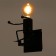 Sconces "man" E27 40W black 14x14x17 cm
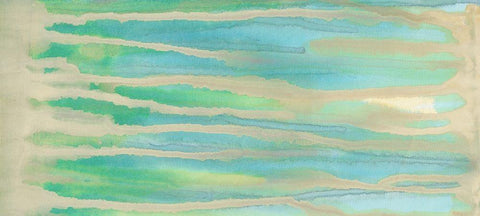 Streaming Sea I White Modern Wood Framed Art Print with Double Matting by Stramel, Renee W.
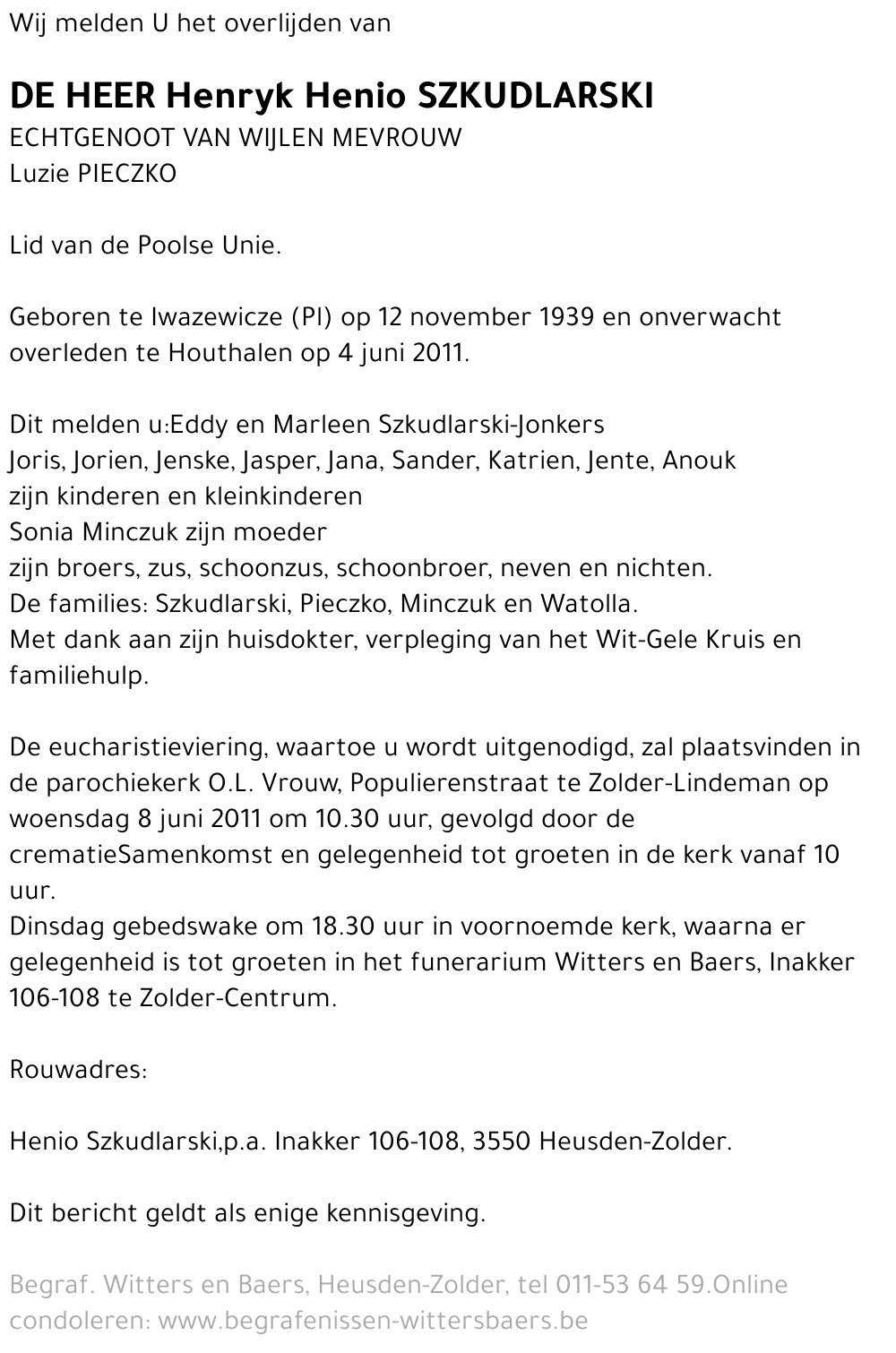 Henryk Henio Szkudlarski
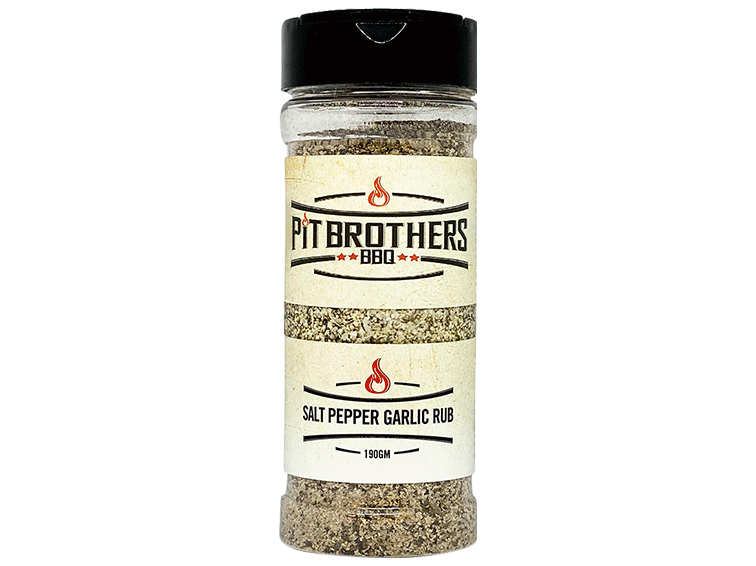 You can’t go past this Salt Pepper Garlic Rub from Pit Brothers BBQ, perfectly blended to bring out the flavour in everything you cook.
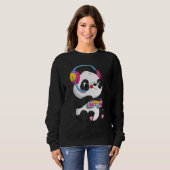 Panda Gaming Video Gamer Kinder jongens meisjes Trui (Voorkant volledig)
================
TASK INSTRUCTIONS: Retype the data word for word, please, and keep the images out.

RESULT BELOW:
 Sconces "man" E27 40W black 14x14x17 cm
 Streaming Sea I White Modern Wood Framed Art Print with Double Matting by Stramel, Renee W.
 Henryk Henio Szkudlarski
 You can’t go past this Salt Pepper Garlic Rub from Pit Brothers BBQ, perfectly blended to bring out the flavour in everything you cook.
 Panda Gaming Video Gamer Kinder jongens meisjes Trui (Voorkant volledig)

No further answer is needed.